- Description of the task -
Transcribe the material verbatim, starting at its first line and stopping once the line containing "エレガント オールド ヴィンテージ 花柄織 ティアードフリル切替 長袖 ドレス" has been given; no picture should appear.

- Recorded data -
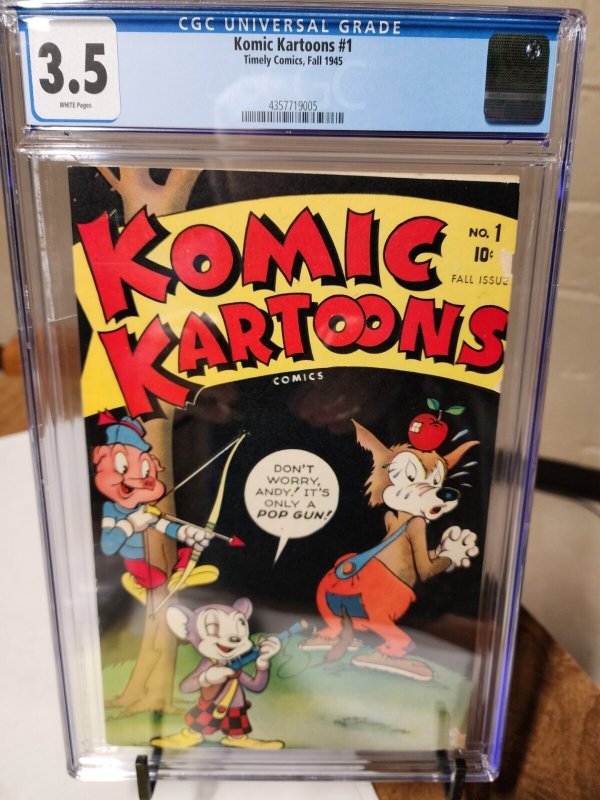 Komic Kartoons #1 (1945), CGC 3.5 graded comic book, Universal Blue label — front cover in its holder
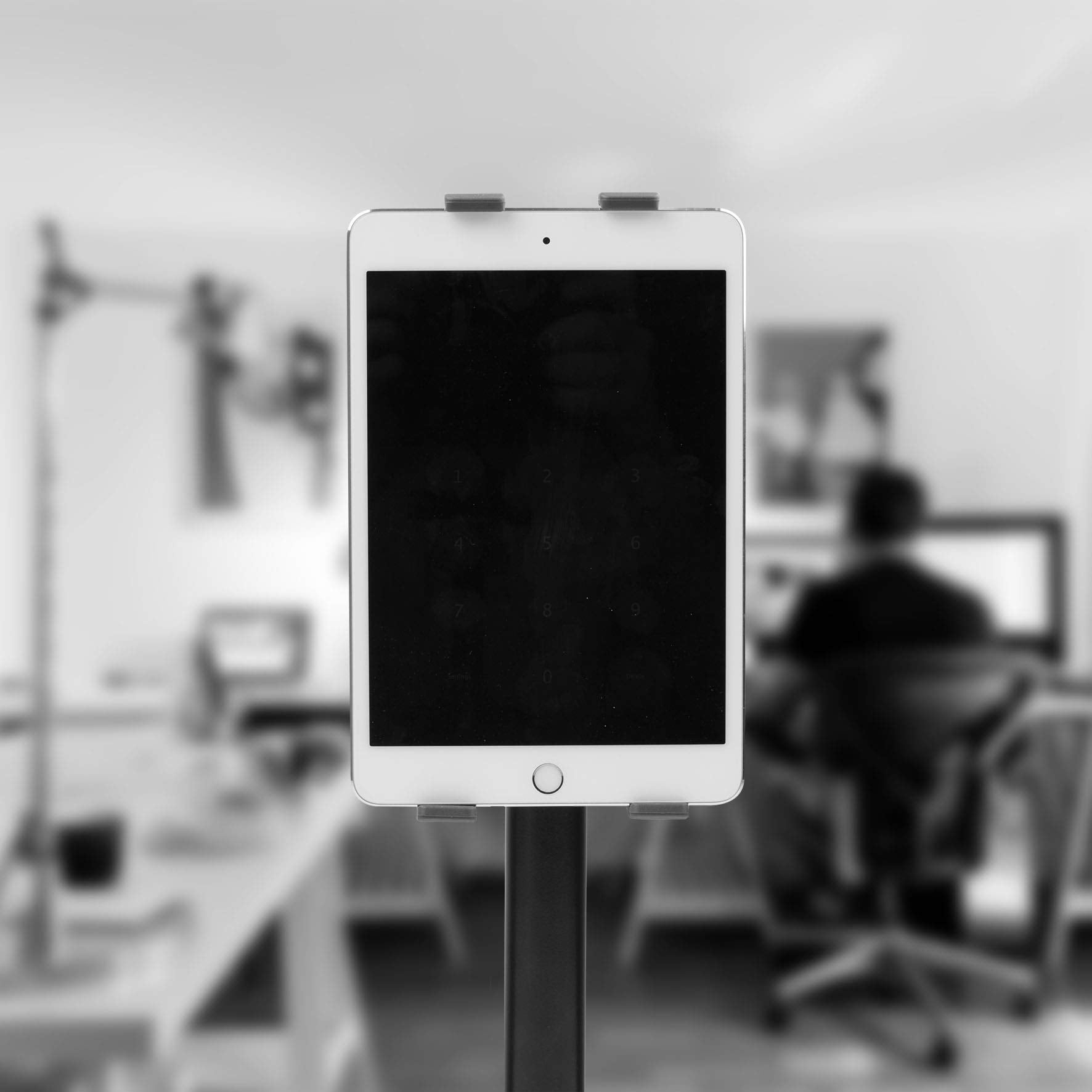 Duronic DMT1 Adjustable Tablet & Smartphone Holder - VESA 75/100 Compatible Desk Mount for DM Series (DM15-DM65, DMUSB, DMDC, DMG) - Perfect for Home Office, Kitchen, Bedroom & Workstation Use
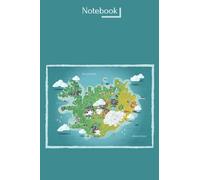Paperback notebook: A colorful artistic minimalistic notebook with a map of Iceland with a wide ruler, a diary for women, an office home school teacher for adults 6 x 9 inches. 100 Pages.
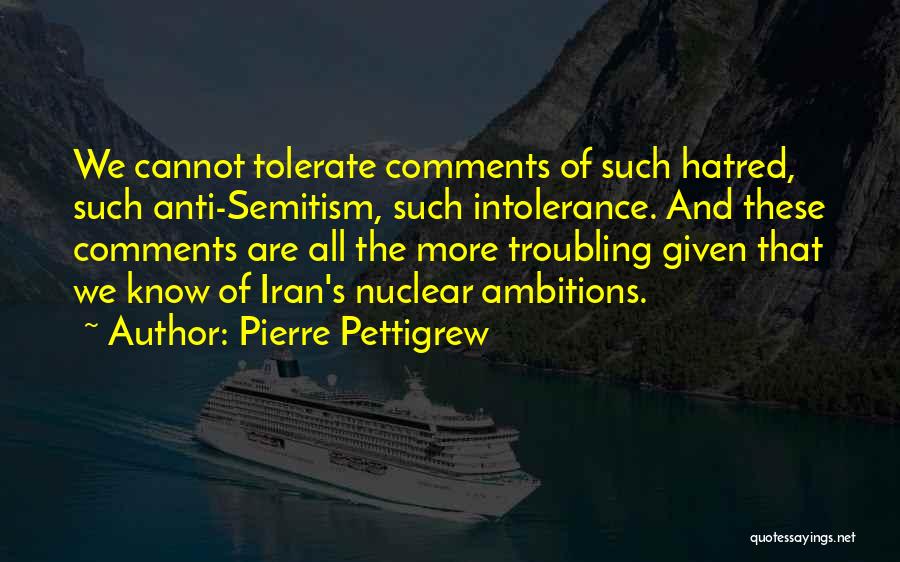 Pierre Pettigrew Quotes: We Cannot Tolerate Comments Of Such Hatred, Such Anti-semitism, Such Intolerance. And These Comments Are All The More Troubling Given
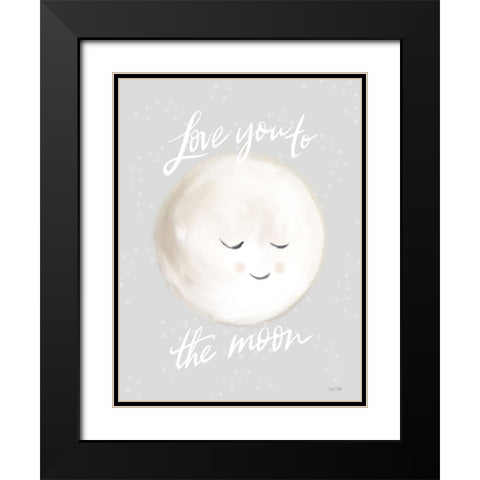 Love You to the Moon Black Modern Wood Framed Art Print with Double Matting by House Fenway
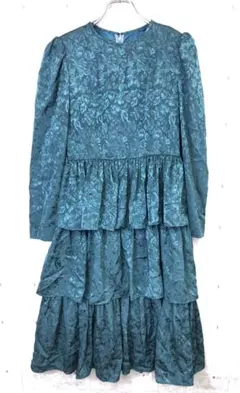 エレガント オールド ヴィンテージ 花柄織 ティアードフリル切替 長袖 ドレス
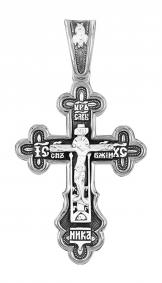 Серебряная подвеска-крест из чернёного серебра Распятие Христово ЮЗ Елизавета 18068 18068 фото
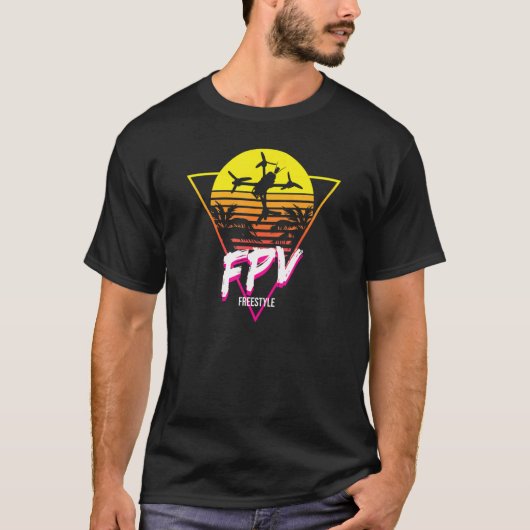 T-shirt Rétro Freestyle Fpv Racing Drone Pilote Acro Quadc (Devant)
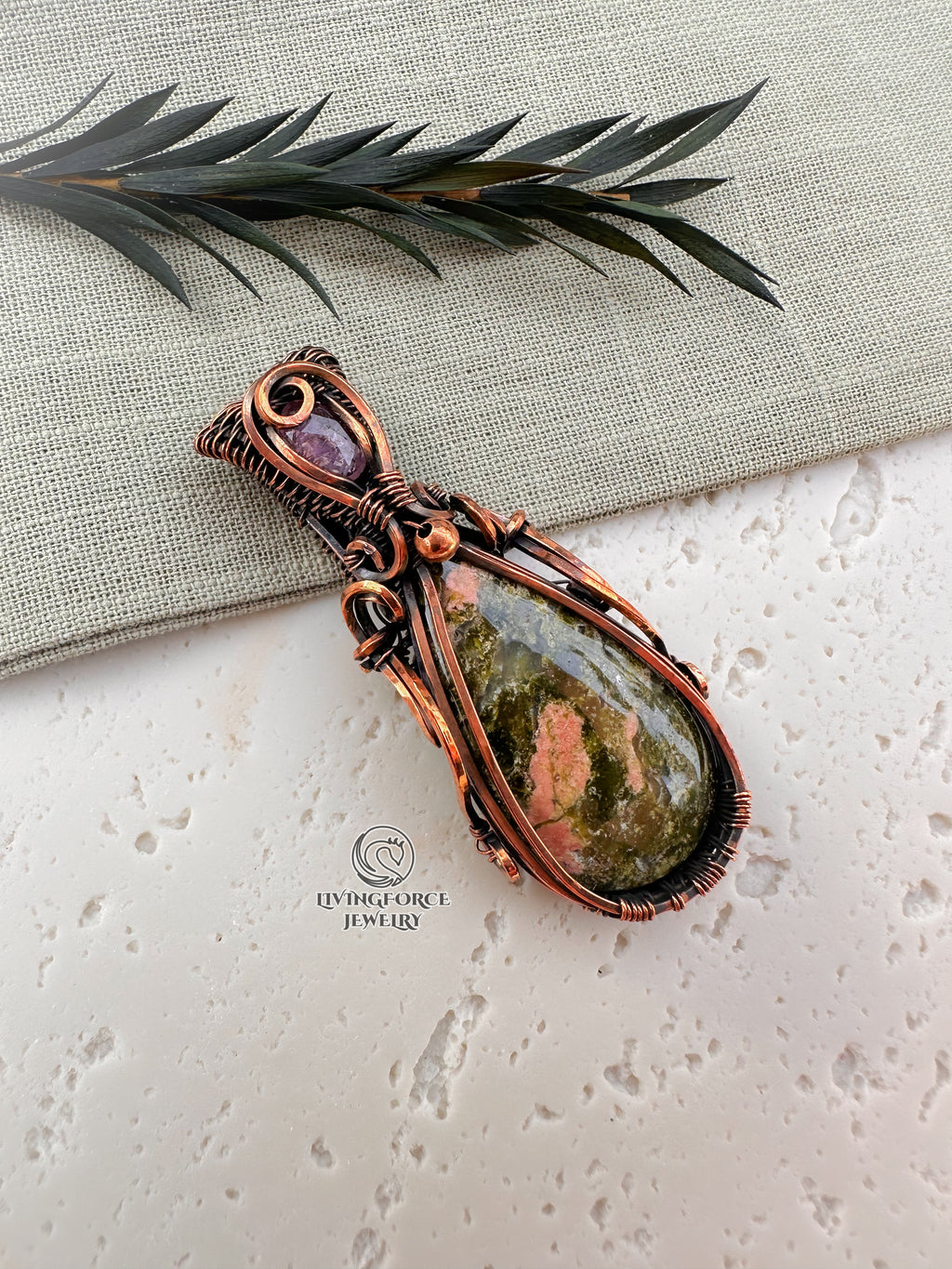 Myrtle Talisman, Unakite Pink Tourmaline Pendanr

- Exercise result -
 Komic Kartoons #1 (1945), CGC 3.5 graded comic book, Universal Blue label — front cover in its holder
 Duronic DMT1 Adjustable Tablet & Smartphone Holder - VESA 75/100 Compatible Desk Mount for DM Series (DM15-DM65, DMUSB, DMDC, DMG) - Perfect for Home Office, Kitchen, Bedroom & Workstation Use
Paperback notebook: A colorful artistic minimalistic notebook with a map of Iceland with a wide ruler, a diary for women, an office home school teacher for adults 6 x 9 inches. 100 Pages.
 Pierre Pettigrew Quotes: We Cannot Tolerate Comments Of Such Hatred, Such Anti-semitism, Such Intolerance. And These Comments Are All The More Troubling Given
 Love You to the Moon Black Modern Wood Framed Art Print with Double Matting by House Fenway
 エレガント オールド ヴィンテージ 花柄織 ティアードフリル切替 長袖 ドレス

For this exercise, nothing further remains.